## INPUT DATA
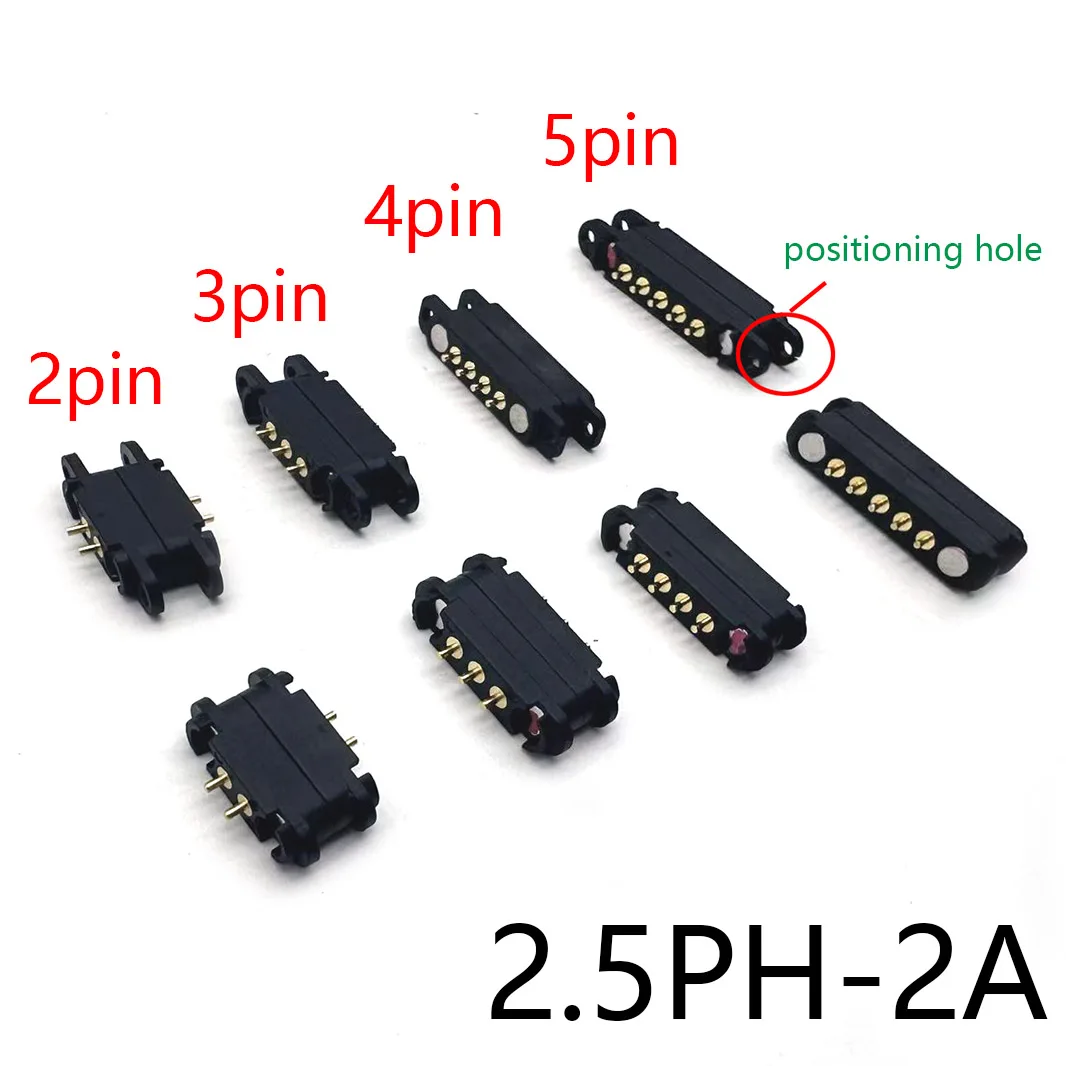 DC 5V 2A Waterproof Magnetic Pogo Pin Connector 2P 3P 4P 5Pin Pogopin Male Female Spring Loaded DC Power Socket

==

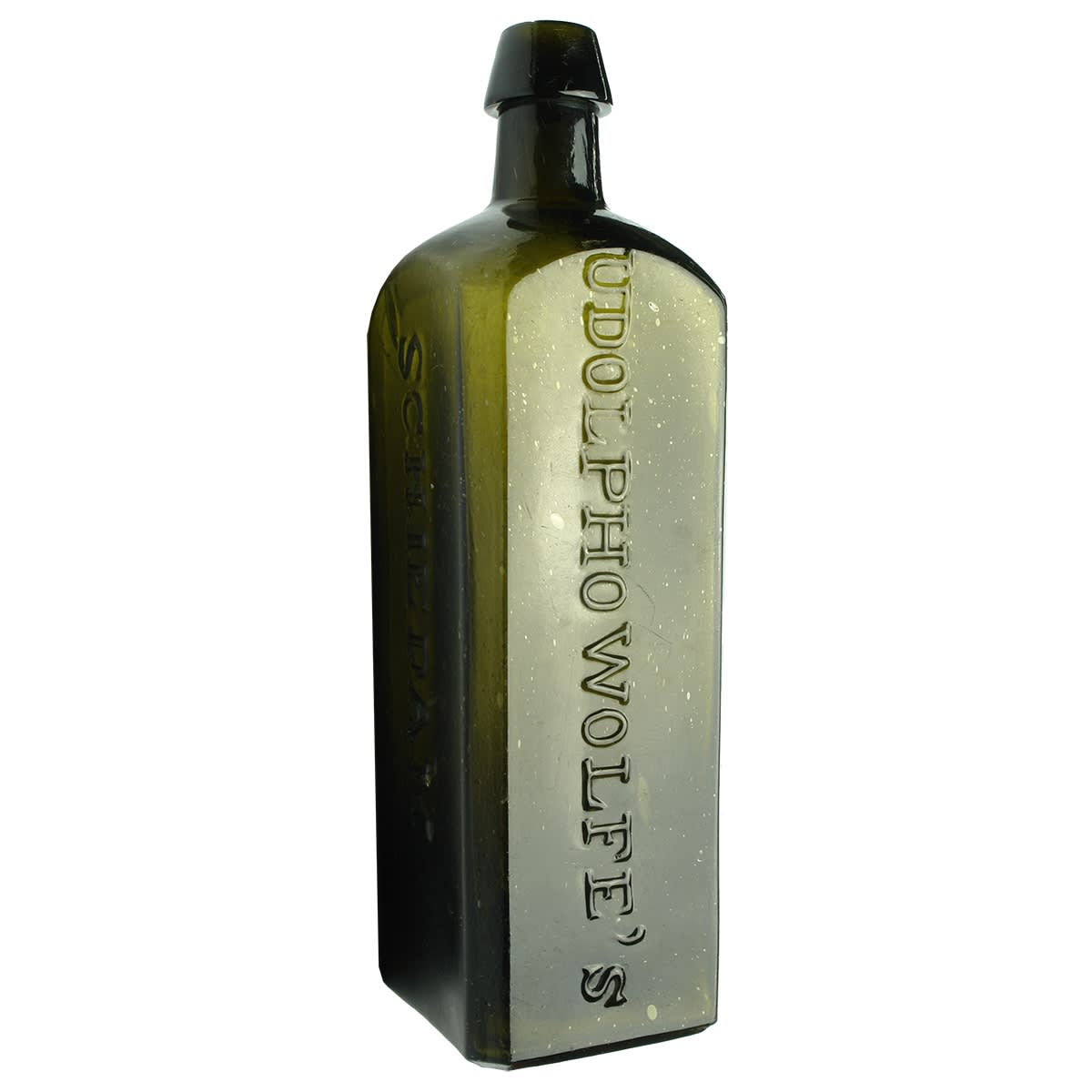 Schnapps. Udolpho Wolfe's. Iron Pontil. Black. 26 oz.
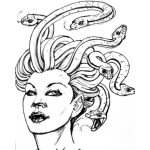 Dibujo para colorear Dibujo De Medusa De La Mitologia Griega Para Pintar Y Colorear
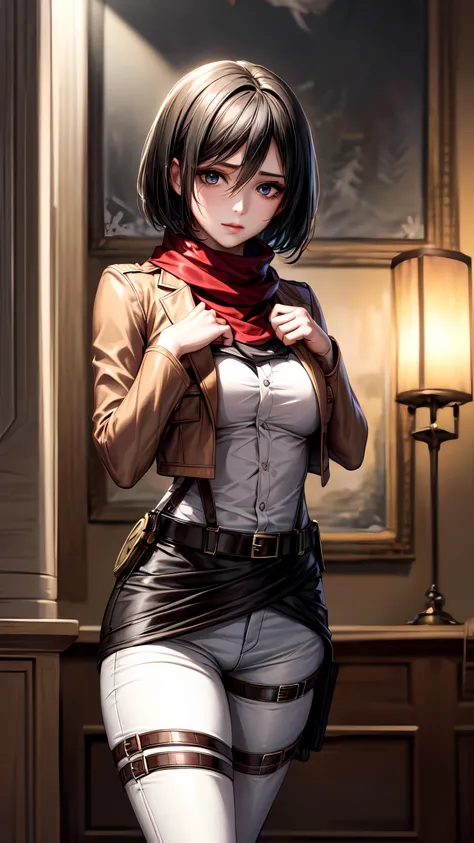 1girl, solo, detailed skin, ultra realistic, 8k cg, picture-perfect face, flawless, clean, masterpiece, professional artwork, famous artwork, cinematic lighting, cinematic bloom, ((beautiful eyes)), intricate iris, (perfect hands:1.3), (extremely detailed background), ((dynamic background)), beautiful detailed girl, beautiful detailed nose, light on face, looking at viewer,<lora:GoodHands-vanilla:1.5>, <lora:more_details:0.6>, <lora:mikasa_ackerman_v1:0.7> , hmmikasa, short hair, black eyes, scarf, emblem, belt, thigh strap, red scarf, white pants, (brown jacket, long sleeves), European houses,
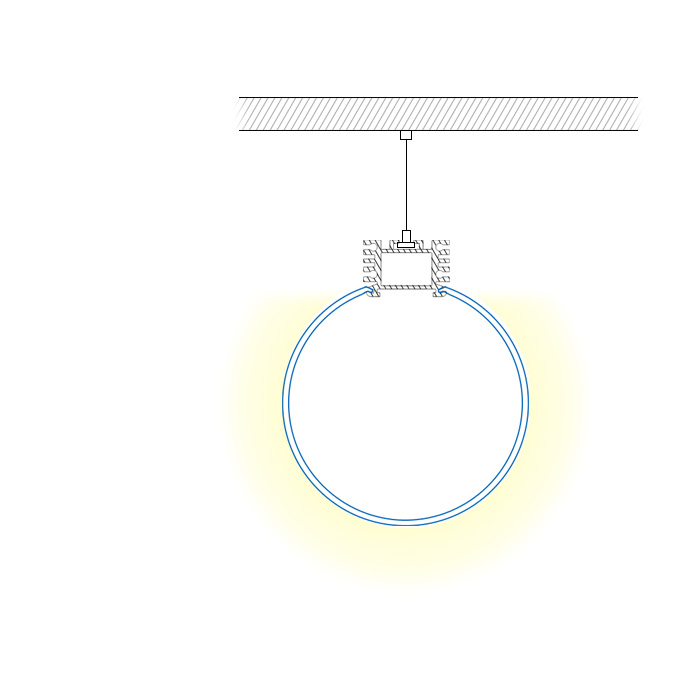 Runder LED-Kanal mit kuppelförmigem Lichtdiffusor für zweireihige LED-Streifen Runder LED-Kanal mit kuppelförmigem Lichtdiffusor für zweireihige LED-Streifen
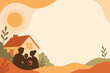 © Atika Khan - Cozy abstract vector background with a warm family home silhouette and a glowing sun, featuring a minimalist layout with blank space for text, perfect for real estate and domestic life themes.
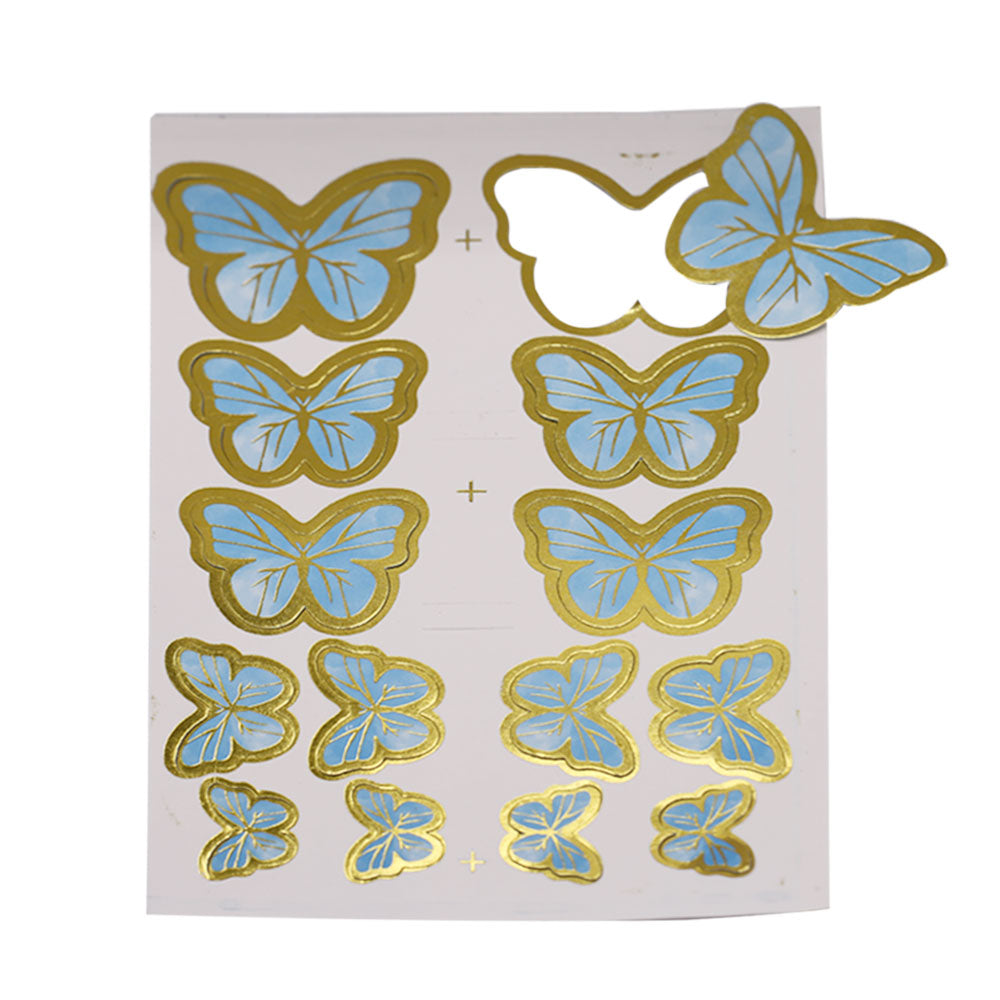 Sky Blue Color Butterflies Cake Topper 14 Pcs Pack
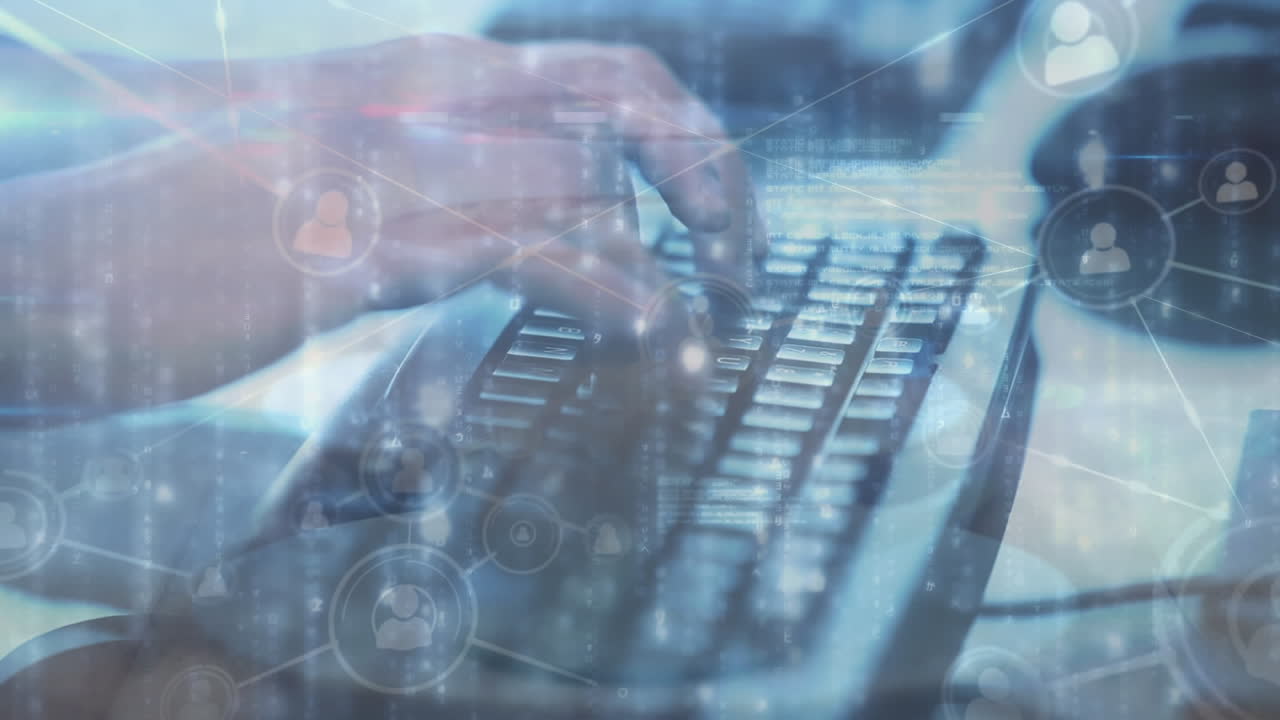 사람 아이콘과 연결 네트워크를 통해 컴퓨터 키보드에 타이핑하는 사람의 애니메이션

...

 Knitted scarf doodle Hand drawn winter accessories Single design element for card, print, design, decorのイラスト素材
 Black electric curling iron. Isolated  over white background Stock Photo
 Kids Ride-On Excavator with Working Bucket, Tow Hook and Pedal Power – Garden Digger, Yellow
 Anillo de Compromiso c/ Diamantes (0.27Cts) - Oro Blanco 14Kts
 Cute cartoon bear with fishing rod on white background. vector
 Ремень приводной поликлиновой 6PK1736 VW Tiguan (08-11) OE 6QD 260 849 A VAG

## WORK INSTRUCTION
In the listing above, find the line containing "Dibujo para colorear" and the line containing "zweireihige LED-Streifen Runder". Reproduce those lines and all between them exactly, with no pictures and nothing more.

## TASK OUTPUT
 Dibujo para colorear Dibujo De Medusa De La Mitologia Griega Para Pintar Y Colorear
 1girl, solo, detailed skin, ultra realistic, 8k cg, picture-perfect face, flawless, clean, masterpiece, professional artwork, famous artwork, cinematic lighting, cinematic bloom, ((beautiful eyes)), intricate iris, (perfect hands:1.3), (extremely detailed background), ((dynamic background)), beautiful detailed girl, beautiful detailed nose, light on face, looking at viewer,<lora:GoodHands-vanilla:1.5>, <lora:more_details:0.6>, <lora:mikasa_ackerman_v1:0.7> , hmmikasa, short hair, black eyes, scarf, emblem, belt, thigh strap, red scarf, white pants, (brown jacket, long sleeves), European houses,
 Runder LED-Kanal mit kuppelförmigem Lichtdiffusor für zweireihige LED-Streifen Runder LED-Kanal mit kuppelförmigem Lichtdiffusor für zweireihige LED-Streifen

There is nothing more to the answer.